Ted Whitehead’s Alpha Beta is an intense and visceral play about an irretrievably damaged couple locked in a loveless marriage. Reminiscent of Doris Lessing’s The Grass is Singing in its pessimistic view of the institution of marriage it is as depressing as it sounds, but also oddly refreshing. By focusing on the darkest outcomes a marital relationship can produce it has the edge on the thousands of books, films and plays that hold up marriage as the ultimate ideal.
Last performed in 1972 this is the first production for 40 years. The Finborough Theatre has a knack for perfectly timed revivals which reveal that the experiences of their characters and the issues they raise are just as pertinent now as at the time of writing. With Alpha Beta the story of Mr and Mrs Elliot is brought up to date in Verity Quinn’s innovative set, which encompasses the entire space available, the theatre transformed into a chic modern apartment.
As the play opens Mrs Elliot (Tracy Ifeachor) is vigorously painting the walls white as Mr Elliot (Christian Roe) enters. At first Roe is sardonic and Ifeachor is icy but before long their resentful, barbed conversation erupts into a full blown screaming row. Neither character can be said to be blameless as Mr Eliot is cruel and selfish whilst Mrs Eliot vindictive and manipulative. Mr Eliot longs for escape so he can ‘ fuck a thousand women’ whilst Mrs Eliot, in a Medea inspired episode, eventually resorts to threatening to kill herself and the children to gain his attention.

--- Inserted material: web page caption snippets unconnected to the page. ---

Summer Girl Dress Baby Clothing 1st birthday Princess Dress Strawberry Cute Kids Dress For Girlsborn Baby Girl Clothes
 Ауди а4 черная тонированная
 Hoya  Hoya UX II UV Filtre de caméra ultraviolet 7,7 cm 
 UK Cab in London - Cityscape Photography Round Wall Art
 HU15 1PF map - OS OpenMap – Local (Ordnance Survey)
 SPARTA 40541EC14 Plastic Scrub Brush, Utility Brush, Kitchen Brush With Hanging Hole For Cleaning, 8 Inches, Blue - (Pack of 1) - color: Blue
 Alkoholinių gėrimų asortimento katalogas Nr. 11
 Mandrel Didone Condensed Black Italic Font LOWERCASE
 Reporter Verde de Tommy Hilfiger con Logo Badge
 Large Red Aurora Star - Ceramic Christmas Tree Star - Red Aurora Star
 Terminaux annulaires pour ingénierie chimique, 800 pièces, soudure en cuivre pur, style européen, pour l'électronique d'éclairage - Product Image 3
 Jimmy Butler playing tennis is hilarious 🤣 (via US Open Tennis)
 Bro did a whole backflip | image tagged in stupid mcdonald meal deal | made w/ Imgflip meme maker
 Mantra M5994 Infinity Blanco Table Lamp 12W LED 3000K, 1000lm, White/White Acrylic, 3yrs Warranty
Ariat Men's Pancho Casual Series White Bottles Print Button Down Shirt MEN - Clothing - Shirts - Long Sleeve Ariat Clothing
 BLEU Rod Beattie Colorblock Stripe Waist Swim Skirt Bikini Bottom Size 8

Although the set, costumes, props and personae are brought up to date, none of the original script has been changed. Very occasionally references jar with the surroundings, particularly when Mrs Eliot brings out a housekeeping book referring to ‘4 pounds and 3 shillings’. In this production Mr and Mrs Eliot are types whose tragedy could be played out in a thousand living rooms irrespective of time period, social class or even race.
Roe and Ifeachor respond to this challenge with studied energy, Ifeachor particularly achieving silent rage, creating a tension that adds emotive power to her angry outbursts when she does finally lose control. Both actors detach themselves from a highly stylised script to help the dialogue flow, using natural body language and everyday tasks such as ironing to fill the gaps left between the period specific narrative and this production’s contemporary twist. The domesticity of their surroundings becomes a bleak reminder of the state of their relationship, each scene ending with the need to clean or replace objects that have been caught up in their conflict.
The tragedy of the story is not just that Mr and Mrs Eliot are unhappy, it is that they are locked into a self -created cycle of behaviour from which they are powerless to break free. The audience leave with no hope that either character will change and as they head to the bar for a much needed pick me up many will surely be thinking ‘I hope that never happens to me’.